Clustering and Advanced/In-depth Malware Analysis with HexDive Pro

A few months ago I introduced a new tool called HexDive. The tool speeds up analysis of strings that are extracted from portable executable files (PE). It does it by showing only these strings that are the most relevant from a malware analysis perspective.

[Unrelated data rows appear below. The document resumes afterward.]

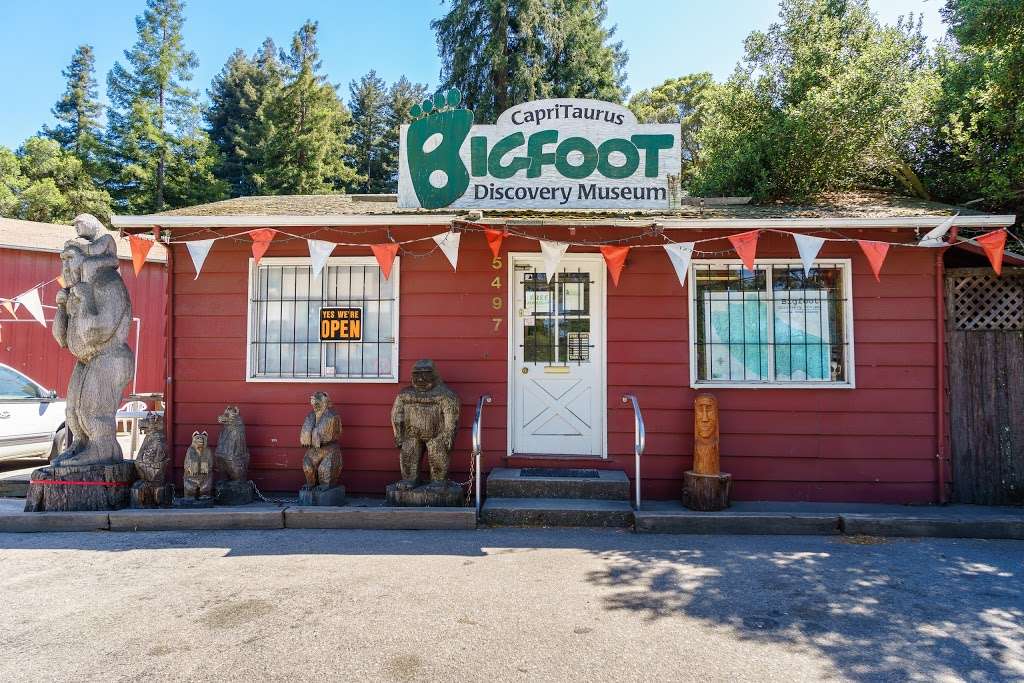 Bigfoot Discovery Museum | 5497 Hwy 9, Felton, CA 95018, USA | Phone: (831) 335-4478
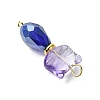 Cat Shapes Glass Links Connector Charms PALLOY-JF03240-5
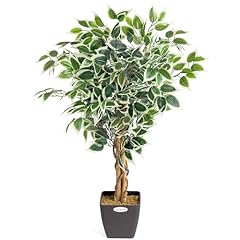 Christow artificial ficus for sale  Delivered anywhere in Ireland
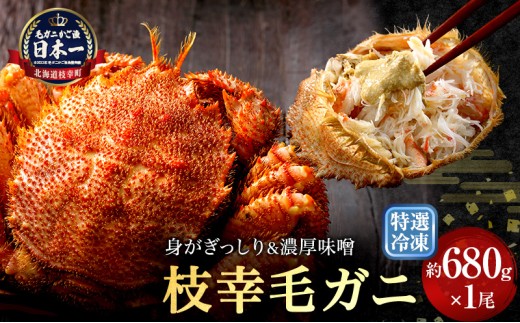 【漁獲量日本一】至福の逸品！特選冷凍「枝幸毛がに」約680g×1尾 毛蟹 毛ガニ オホーツク 北海道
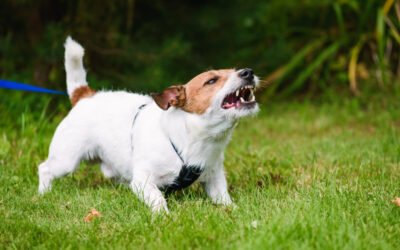 5 Tips for Training a Dog with Aggression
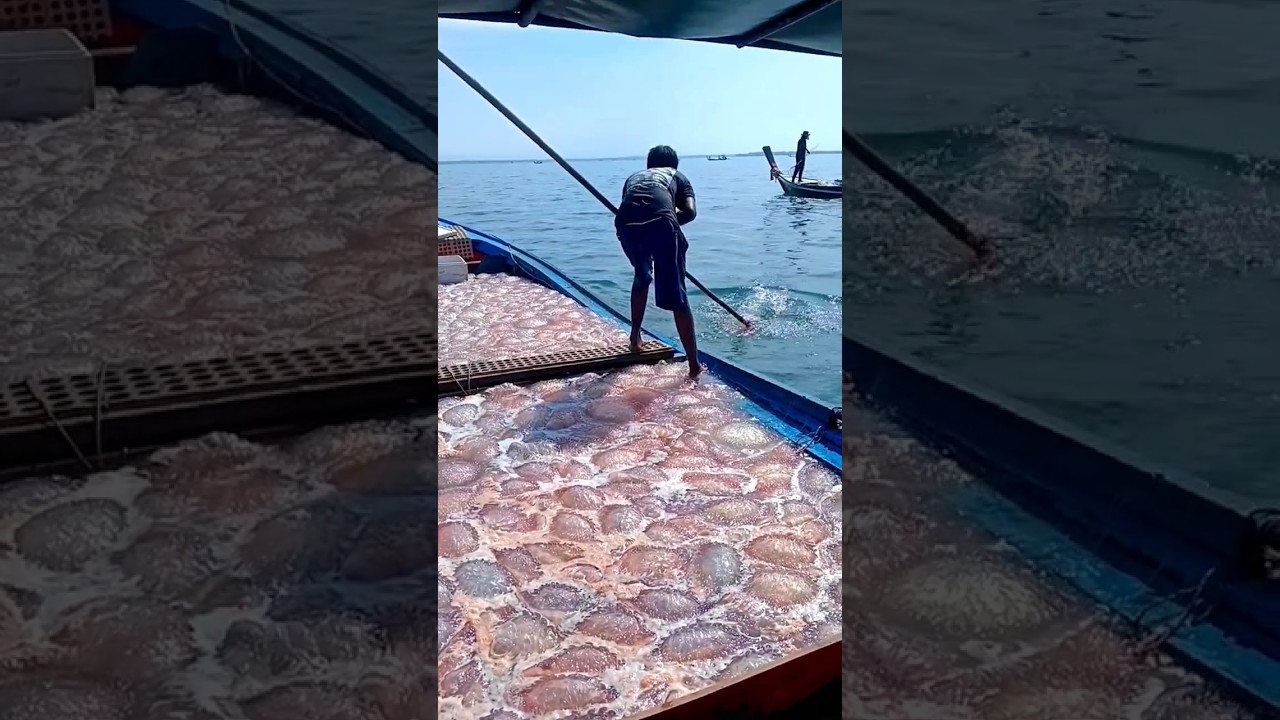 World Most Dangerous Jobs #shortvideo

Strings extracted directly from a PE file have certainly some value, but it’s limited by many factors including:

  • Compression (code and/or data is decompressed only when program is executed)
  • Encryption (code and/or data is decrypted only when program is executed)
  • Obfuscation (code and/or data are hidden between a lot of junk code and data)
  • Wrapping (code and/or data is hidden deep inside the file and ‘unwrapped’ only when program is executed)
  • Dynamic code loading (code injects, shellcodes that may be hidden using techniques described above)
  • The environment (code and/or data is not a part of the malware itself, but is extracted from the system on which it is executed)
  • The nature of run-time (code and data seen depends on the environment and code branches inside the malware)
  • Anti- tricks (what we see depends heavily on malware’s ability to detect it is running inside the sandbox, or under monitoring tools e.g. debugger)

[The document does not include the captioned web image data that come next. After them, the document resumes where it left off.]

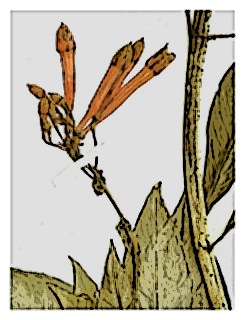poster-specimen-fuchsia-macrophylla-01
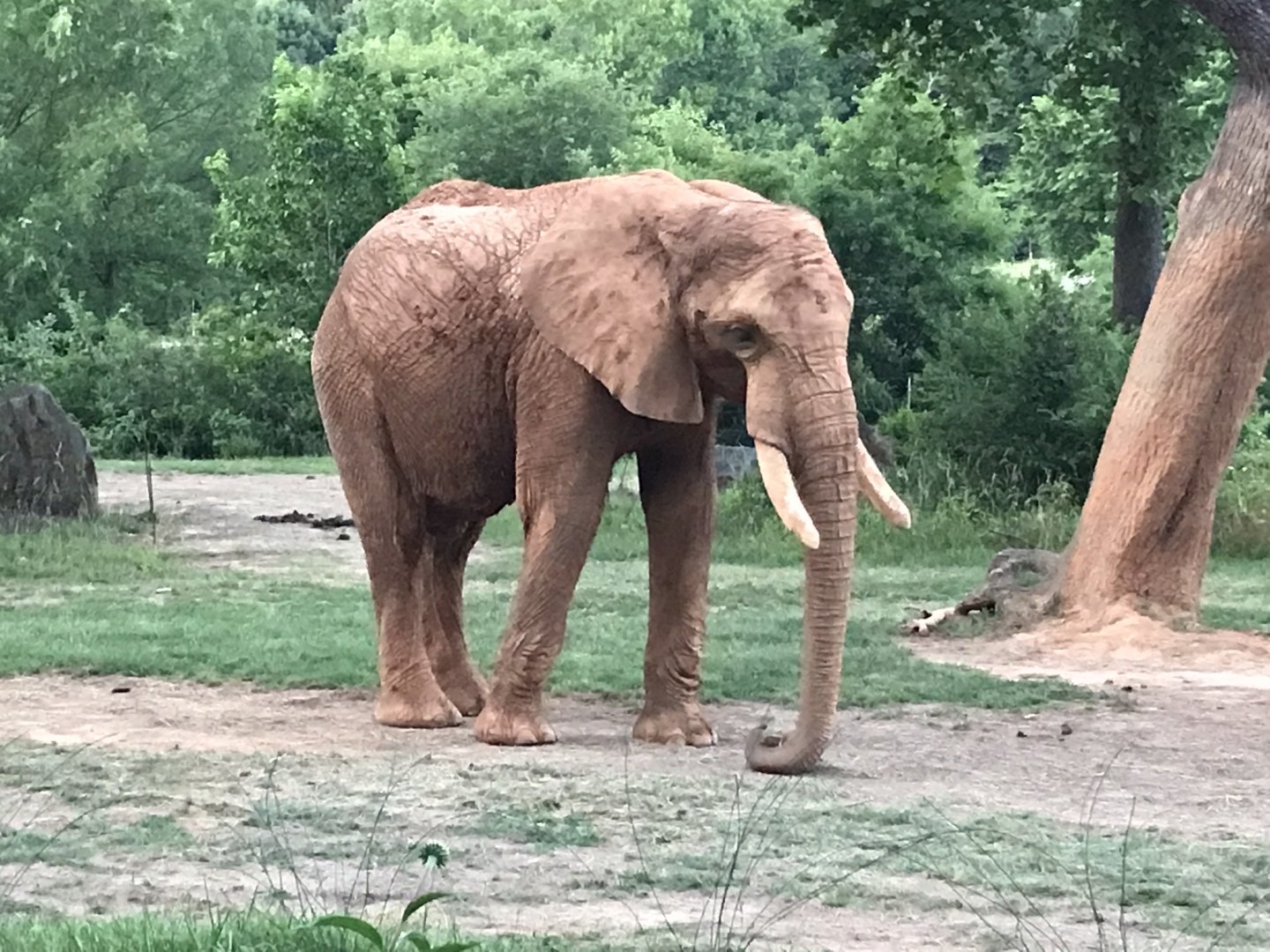 African Bush Elephant "Louie"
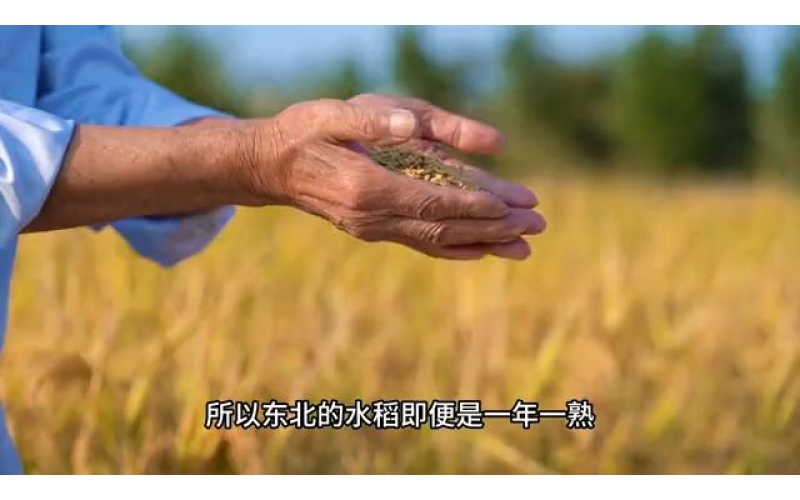 为什么东北的大米只是一年一熟，却还能被叫做粮仓？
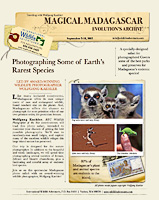 Madagascar2012thumb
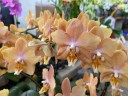 Phal. I-Hsin Maple Valley 2.5'' УЦЕНКА (мех.пов.листика)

To address this, HexDive Pro takes analysis to the next level and allows to extract many run-time artifacts produced by a running program.

This includes:

  • API calls and their parameters
  • Hex dumps and Strings extracted from buffers allocated during the run-time (including stack)
  • Code Injects and shellcodes
  • Wrapped code
  • Screenshots of all windows
  • Very specific features of the malware that can help to uniquely identify it
  • and it can do a few other things that I will keep secret at the moment, but will reveal in next posts 🙂

To demonstrate what HexDive Pro can do, all I have to do is to provide a reference to what I posted in last few months.

In fact, most of the clustering, batch analysis and malware analysis posts were heavily influenced by results provided by HexDive Pro. The results the tool provided thus far helped me to:

  • … discover the hidden code inside ZeroAccess
  • … cluster ZeroAccess samples I have in my collection to find out which contain code using Extended Attributes (NTFS) and to create a list of all known EA names used by this malware
  • … cluster APT sampleset in many ways.
  • … instantly discover strings in Flame malware
  • and others, more or less influenced by it (including various statistics)

The results of these experiments helped me a lot to tweak the code so that it is as useful as possible.

On the surface, HexDive Pro is working like a typical API monitor – running malware under its control and using various tricks to intercept traces of its execution. Going deeper, it combines best pieces of Application Monitor, Hex Dive, HMFT, Hstrings and also leverages information from numerous databases of artifacts (both static and dynamic) I gathered over the years of malware analysis.

All of these combined efforts produce a tool that makes it possible to gain an in-depth knowledge about the analyzed malware within 30-180 seconds.

In fact, the APT1 clustering data I posted here has been generated pretty quickly using HexDive Pro. The results posted were just a tip of the iceberg as the output contained all the juice one can extract manually only after hours of painstaking analysis. If you multiply it by a number of samples, the performance gain is tremendous.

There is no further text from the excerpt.